The three-party coalition came into power with a pledge not to air its dirty laundry in public. The coalition negotiations were a case in point. Everything took place behind closed doors. The coalition government is at its most difficult point and tensions are coming to the surface – largely due to differences between the Free Democrats and the Greens. The on-going divide over climate policy has been aggravated by a draft law, which aims to ensure that newly installed heating systems run on at least 65 percent renewable energy starting in 2024.

With pledges from Olaf Scholz and his Defense Minister Boris Pistorius to support Ukraine “for as long as it takes” and leadership in providing military support, and with political leaders like Ricarda Lang who appears to understand the complexity and the interconnectedness of today’s challenges I have a sense of hope that things are moving in the right direction.

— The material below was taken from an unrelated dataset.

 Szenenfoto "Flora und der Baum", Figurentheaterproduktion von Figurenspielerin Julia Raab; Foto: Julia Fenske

  • Pushing Back the Deadline: In line with our article above about Spain, Prime Minister Sánchez has asked the European Parliament has asked to delay the speech in which he is to present his country’s priorities for the EU Council Presidency. His reasoning: we don’t know what will happen in the elections, so presenting a program that may change 10 days later is a waste of everyone’s time. Interesting move. 
  • Enroll My Child in School, Please: A report came out this week from the European Parliament documenting numerous cases of harassment and bullying in the workplace. Specifically, these reports focused on Members of Parliament who crossed many lines when dealing with their assistants. These assistants, who often depend on the MEP for their professional future, were forced to conduct tasks like fix the MEP’s home internet or even enroll their child in school. Weak performance from the alleged heart of European democracy. 
  • Gains on the Right: This week, Germany’s weekly opinion poll that asks the question “if the Federal Election was this Sunday, which party would you vote for?” showed that the far-right AfD has not only gained significant ground, but has pulled even with the ruling SPD at 18%. As the coalition partners tear themselves apart in the public, it seems more and more people are losing hope – and exiting stage right.

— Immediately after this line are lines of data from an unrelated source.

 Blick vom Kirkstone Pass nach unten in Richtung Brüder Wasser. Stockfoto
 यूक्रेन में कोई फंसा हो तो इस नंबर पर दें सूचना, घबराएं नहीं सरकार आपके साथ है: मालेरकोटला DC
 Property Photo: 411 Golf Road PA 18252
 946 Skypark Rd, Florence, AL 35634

By Szilvia, Managing Director at Erste Lesung


Marine Le Pen, Recep Tayip Erdogan, Viktor Orbán – many nations already have their very own Trump-like figure. Germany does not. This is unlikely to change in the short term due to the thoughtfully balanced post-WWII political system, which does not support the cultification of a specific person. However, from time to time, the true sentiment of German voters seeps through this carefully engineered system.


Just one year ago at 10%, the far-right Alternative for Germany (Alternative für Deutschland, AfD) now reached 18% in a Germany-wide poll – the same as the Social Democrats (SPD), the party of the Federal Chancellor Olaf Scholz. While this does not pose an immediate direct threat on the federal level, it underlines the trend of disillusioned voters turning away from traditional parties and gravitating towards extremes. Sooner or later, the AfD will win elections in a federal state, leading to a completely new situation.

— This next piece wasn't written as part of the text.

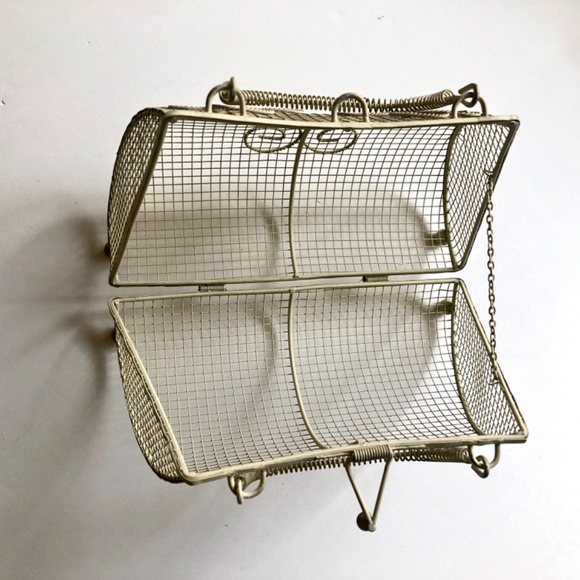 NWOT Vintage Style Painted Wire Bag - Picture 4 of 9
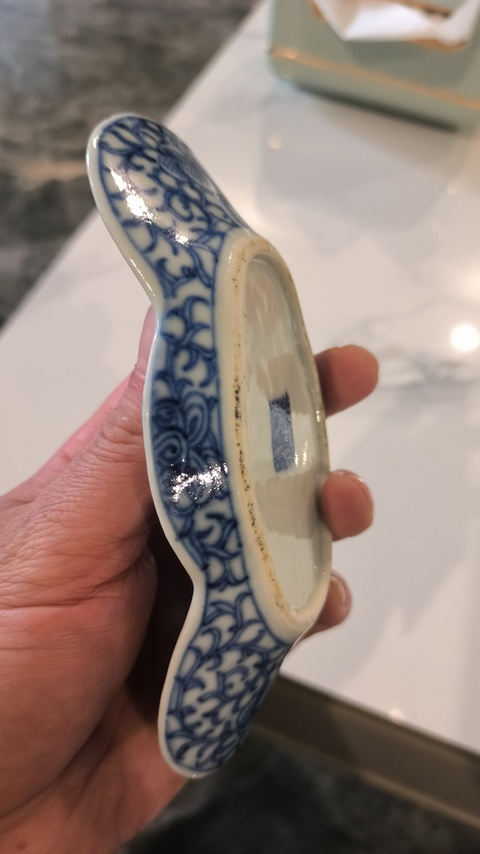 古玩陶瓷青花纏枝連紋元寶型茶船真品鑒賞圖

As of yesterday, the entire German political elite is (again) looking for a bogeyman. And it’s true – the ongoing conflicts within the three-party coalition do little to foster trust. Also evident: The opposition is a lame duck, after having been in charge for over 16 years. But does playing the blame game really help? Surprisigly mature – and very out of character for leading German politicians, the General Secretary of the Liberals, Djir-Sarai, pointed out that the results “should be a cause for self-criticism for all democratic parties”.


That’s a good start. However, merely searching for responsibilities in the past will not help to win future elections. Traditional German parties need to return to a more pragmatic approach and reestablish their connection with voters. Whether it’s regarding migration or the energy transition, including the greening of the heating systems in German households, they must bridge the gap between long-term ideals and the realistic implementation framework; otherwise, others will offer the easy answers.